In 1999 the user interface was updated to provide an increased number of user-defined queries. Users can now retrieve a large number of different sequences sets matching selection criteria based on drug treatment history, HIV subtype and specific mutations. Each query returns a new table and each record in the new table contains 8–12 columns of associated data. The data returned include (i) hyperlinks to the MEDLINE abstract, the GenBank record, and the complete nucleotide sequence and translation; (ii) a classification of the sequence by patient, patient-date and isolate; (iii) data on HIV-1 subtype; (iv) data on drug treatment including lists of drugs, duration of therapy and complete summaries of each drug regimen received by the patient from whom the isolate was obtained; and (v) technical data on method of virus isolation and sequencing. Following retrieval of a sequence set, users have the option of viewing or downloading complete sequence alignments, as well as, composite alignments summarizing the frequency and type of mutation at each position in the sequence.
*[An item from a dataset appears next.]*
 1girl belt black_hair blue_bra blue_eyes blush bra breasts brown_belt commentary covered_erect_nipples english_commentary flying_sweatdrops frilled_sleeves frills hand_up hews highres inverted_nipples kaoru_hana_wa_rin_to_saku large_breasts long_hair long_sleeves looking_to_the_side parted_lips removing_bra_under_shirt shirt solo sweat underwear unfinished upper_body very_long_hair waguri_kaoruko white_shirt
In 1999, a program was added to the database to allow researchers to make sense of new HIV-1 RT and protease sequences in the context of previously published sequence data [HIV-1 RT and protease – a sequence analysis program (HRP-ASAP), http://hivdb.stanford.edu/hiv/programs.asp ]. The program compares a new HIV-1 sequence to a reference sequence and uses the differences or mutations as query parameters for the sequence database. The ability to examine new sequences in the context of previously published sequence data has two main advantages. First, unusual sequence results can be detected, allowing the person doing the sequencing to recheck the primary sequence output (e.g., electropherogram) while it is on his/her desktop (8). Second, unexpected associations can be uncovered because the person analyzing the sequence can immediately retrieve data on isolates sharing one or more mutations with the new sequence.
Please refer to this article when citing the HIV RT and Protease Sequence Database.